El troncó estalló con un ruido similar al de una botella descorchada. Los ardientes fragmentos saltaron despedidos por el patio, humeando. Alguien lanzó un juramento y la más morena de ambas mujeres soltó una risotada. Los demás observaron ceñudos los restos humeantes, antes de apagarlos uno tras otro.

—Nunca has sabido cuándo parar, Godril. —A pesar de la solidez guerrera de su aspecto, la voz de la mujer del desierto era ronca y sensual, especiada con un acento que Gair no supo ubicar. Poseía una nota ahumada que estorbó su concentración como una pelusa en la camisa.

—Basta, Aysha. No es momento —gruñó Godril, que se volvió hacia Gair—. Concluyo que puedes trabajar con fuego.

El siguiente en hablar fue uno de los hermanos. Ahora que Gair prestaba más atención, vio que tenía hebras grises en el cabello y la barba, y que la oscuridad de sus ojos contrastaba con su piel cetrina. Se llamaba Barin, y pidió a Gair que trabajase con el agua. El joven le dio varias formas, condensándola a partir del aire y extrayéndola del suelo. Gair tuvo que esforzarse y sudar para lograr los resultados que se le exigían, pero lo logró. Barin se mostró satisfecho.

—Concluyo que puedes trabajar con el agua.

Eavin, su hermano, tomó el relevo. Creó un torbellino, y Gair se vio obligado a dar forma a los vientos, apagar fuegos con ellos, amasar juntos aire y agua hasta dar pie a una tromba, respirar cuando los graduados se esforzaron por asfixiarlo, formar un escudo a su alrededor mientras le arrojaban toda clase de cosas, tanto sólidas como ilusorias. Tuvo motivos de sobra para agradecer las lecciones de Alderan a bordo de la Kittiwake.

Esther, la mujer mayor, trabajaba la tierra. Para tratarse de alguien con aspecto tan benigno, tenía la mirada astuta de un prestamista y había una nota implacable en su plácida fuerza. Con gran destreza, originó terremotos y temblores de tierra, quebró las rocas que tenía enfrente y las fundió con ayuda del fuego, mientras invitaba a Gair a imitar su ejemplo o bien a impedirle llevar a cabo aquellos actos.

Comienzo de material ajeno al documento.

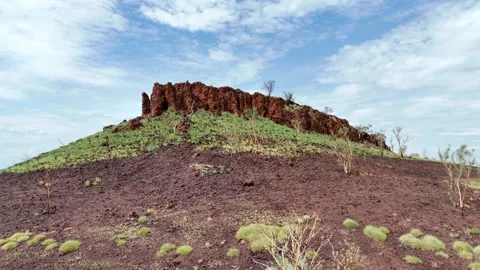Stuart Highway Lubra's Lookout between Tennant Creek and Mataranka Stock Footage 302194027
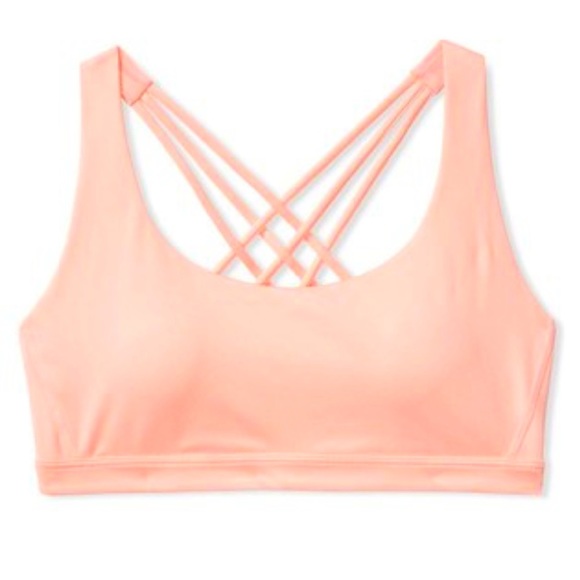 Victoria's Secret Other - NWT Victoria’s Secret sports bra Apricot peach 🍑 SZ M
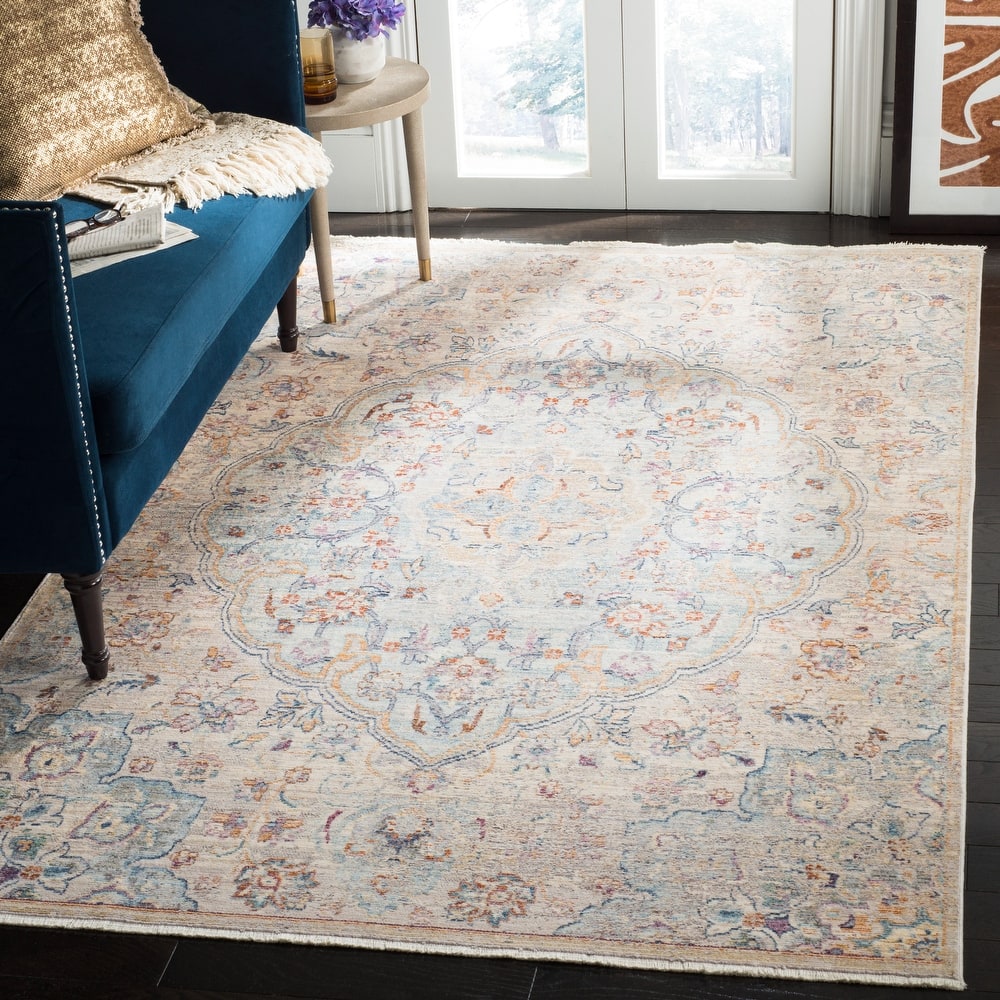 SAFAVIEH Illusion Tricia Vintage Boho Oriental Viscose Medallion Rug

Seguidamente los cuatro aportaron sus respectivos dones: el agua y el fuego, el aire y la tierra, en distintas combinaciones, hasta que la actividad fue frenética. Satisfacer sus demandas se volvía más y más difícil. Tras cada fracaso, tras el esfuerzo renovado, su espalda y pecho rompían a sudar. Le latían las sienes de forma incontrolada y únicamente su tozudez lo mantuvo en pie.

Al cabo, los cuatro graduados aflojaron la presión. Gair dejó de aferrar el canto y se inclinó, aspirando aire con fuerza para liberar la tensión que le atenazaba el pecho. Cuando pasó el mareo y su pulso adoptó un ritmo más lento, se irguió. Aunque el esfuerzo físico había sido mínimo, le dolían todas las articulaciones y tenía la espalda bañada en sudor. La túnica blanca estaba manchada de tierra, hollín e incluso sangre.

Los graduados aguardaban con rostro impasible. El sol caía en la espalda de Gair, y su sombra era tan corta que se arracimaba a sus pies. Debía de ser pasado mediodía; habían transcurrido cuatro horas, y aún quedaban dos graduados pendientes de ponerlo a prueba. Se limpió con la manga el sudor que le perlaba el rostro. En el extremo opuesto, el hombre de piel sonrosada sonrió con timidez, con los nudillos de una mano bajo la barbilla. Tenía un brillo de diversión en los ojos, y enarcó una ceja como si preguntara a Gair si tenía interés en formar parte del chiste.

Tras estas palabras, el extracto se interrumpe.